● Exercise instructions
Exactly the lines below starting at the line with "Lego Penguin Slushy Van" and ending at the line with "Melati Cottage Gili Trawangan Exterior photo" are wanted, with both ends included. Leave out the pictures and add no other lines.

● Provided records

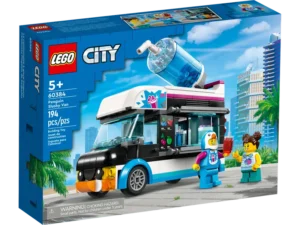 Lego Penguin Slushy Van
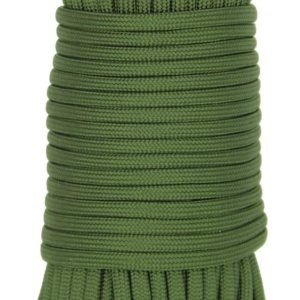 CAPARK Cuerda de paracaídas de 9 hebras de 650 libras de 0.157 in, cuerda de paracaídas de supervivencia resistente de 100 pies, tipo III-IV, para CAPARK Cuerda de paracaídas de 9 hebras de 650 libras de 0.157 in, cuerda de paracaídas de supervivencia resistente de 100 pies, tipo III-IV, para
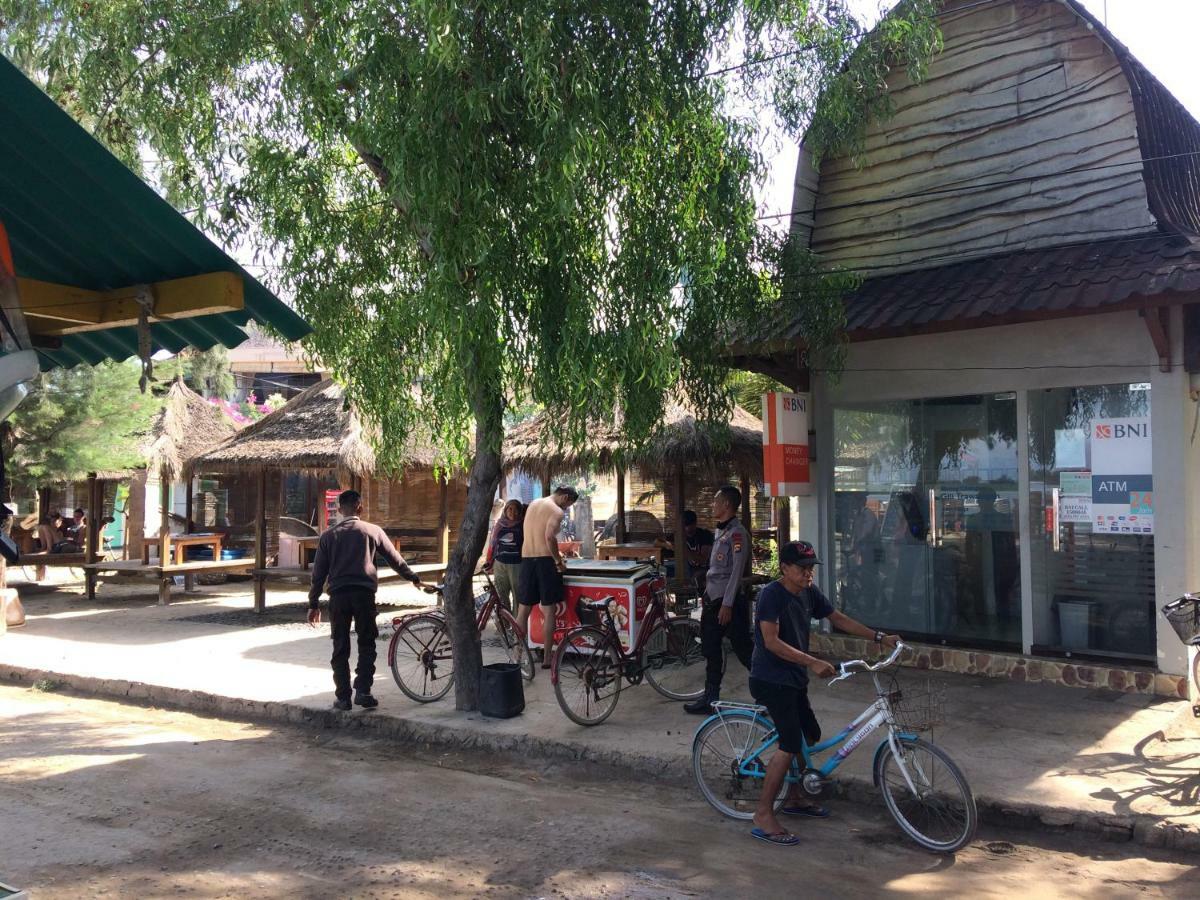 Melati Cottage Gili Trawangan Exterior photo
* * *
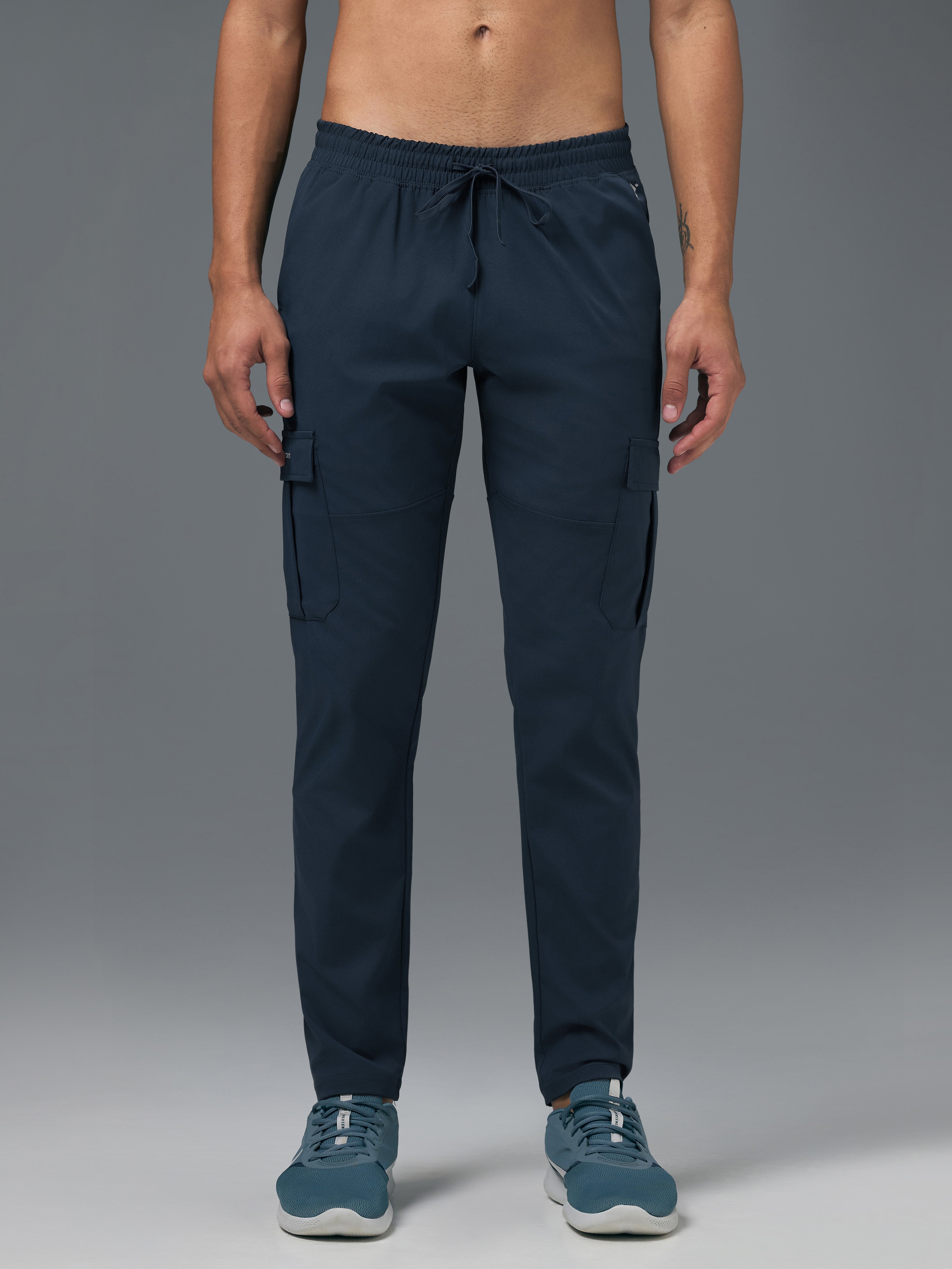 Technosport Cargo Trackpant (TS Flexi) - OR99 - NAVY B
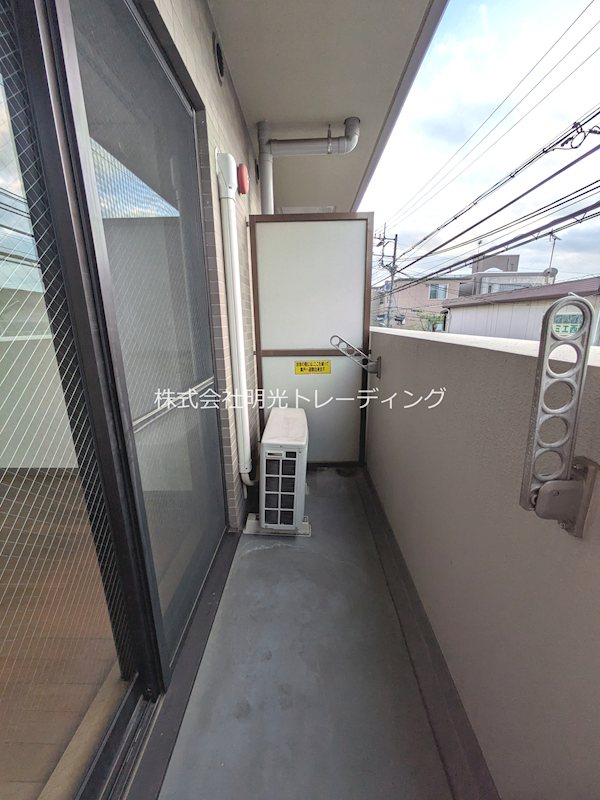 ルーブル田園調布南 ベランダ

● Finished exercise
 Lego Penguin Slushy Van
 CAPARK Cuerda de paracaídas de 9 hebras de 650 libras de 0.157 in, cuerda de paracaídas de supervivencia resistente de 100 pies, tipo III-IV, para CAPARK Cuerda de paracaídas de 9 hebras de 650 libras de 0.157 in, cuerda de paracaídas de supervivencia resistente de 100 pies, tipo III-IV, para
 Melati Cottage Gili Trawangan Exterior photo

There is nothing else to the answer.